PERVOL has successfully established a new type of volatile sampling system that couples a robotic system to a custom airflow system and a proton transfer reaction mass spectrometer (PTR-MS). This system is capable of recording volatile fingerprints of over 100 different volatile sources with a temporal resolution below 30 minutes, thus setting a new standard in the field of plant volatile research and leading to a patent filed by an involved SME.
PERVOL has also successfully uncovered how maize plants integrate two volatile cues with complementary information value, indole and hexenyl acetate, into strong defense responses an enhanced resistance against chewing herbivores. Further, using transgenic rice plants impaired in early defense signaling, PERVOL demonstrated that indole-induced herbivore resistance is due to its enhancing effects on early defense signaling, resulting in higher jasmonate production upon attack. PERVOL furthermore identified the map kinase MPK3 to be essential for indole-mediated resistance priming.
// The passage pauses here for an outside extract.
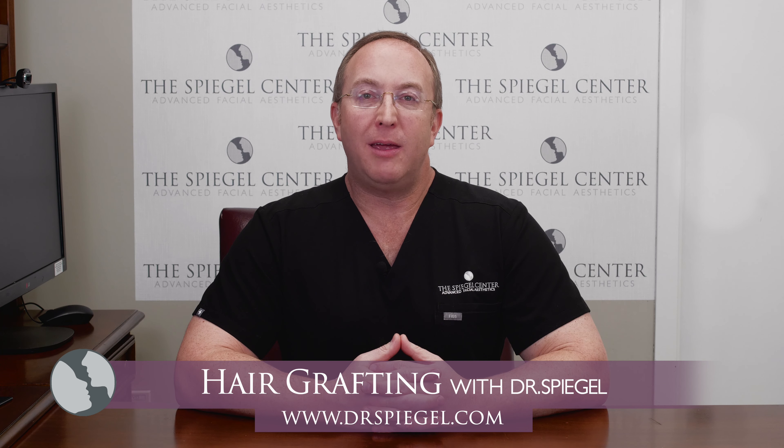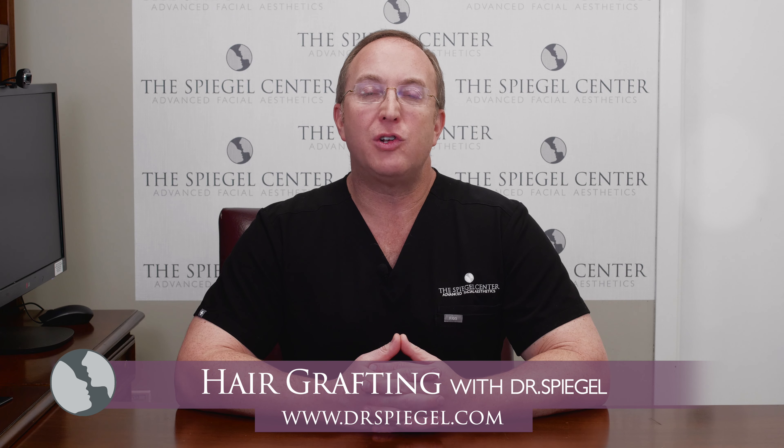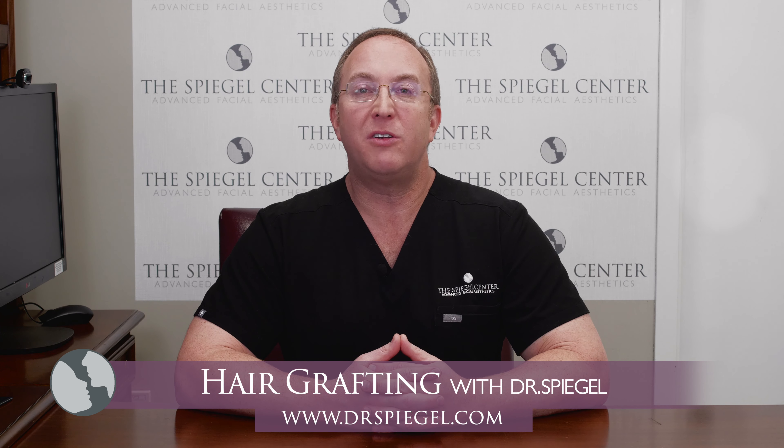If your hairline is receding or thinning, we have options. Hair grafts look very natural. The grafts are taken one by one from the back of your head and moved to the front of your head. This occurs in a near painless fashion, just sitting in the office reading a book or listening to music.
Thus, this work identifies early signaling components that are required for the perception of herbivory-induced volatiles in plants. These findings have been published in peer reviewed journals. PERVOL has also uncovered a series of novel candidate genes with unknown function that are likely involved in plant volatile perception, to be investigated further in the future.
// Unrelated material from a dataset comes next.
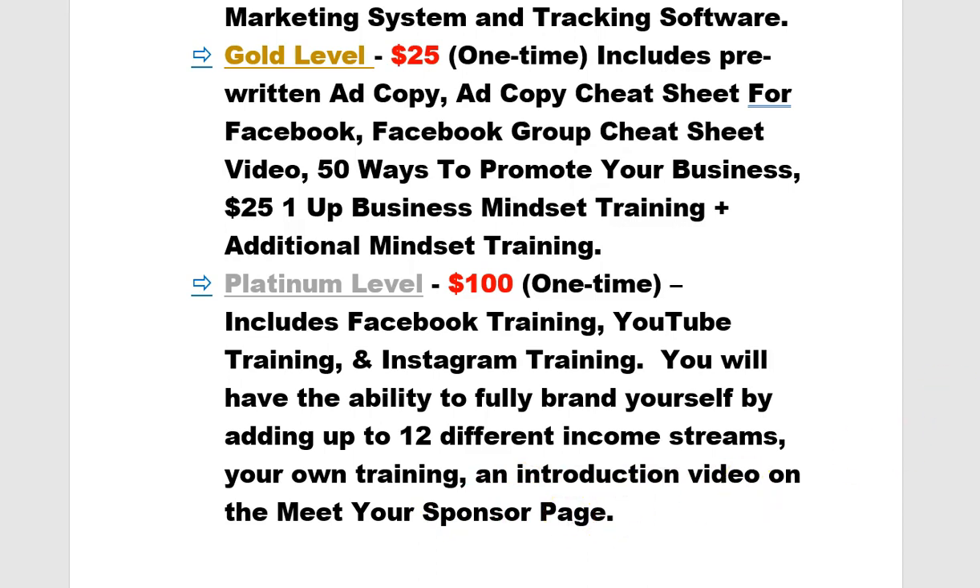I came in at the Gold level and then went back five minutes later and got the Platinum level, so altogether I spent $135 for both levels. I'm recommending that people do the same, because you get paid on the levels that you purchased. If you purchased the Gold level you get paid on that level; if you purchased the Platinum level you get paid on that level. So I'll be able to get paid on both.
PERVOL has made significant advances in understanding the potential and biological impact of plant volatile signaling. It uncovered that indole not only reprograms plant immunity, but also herbivory immunity and defense, a novel phenomenon which was then demonstrated to shape tritrophic interactions. This finding has been published in the peer reviewed literature. Further experiments revealed potentially important spatiotemporal perception patterns and drought-related interactions, both of which will be investigated in depth in follow-up experiments.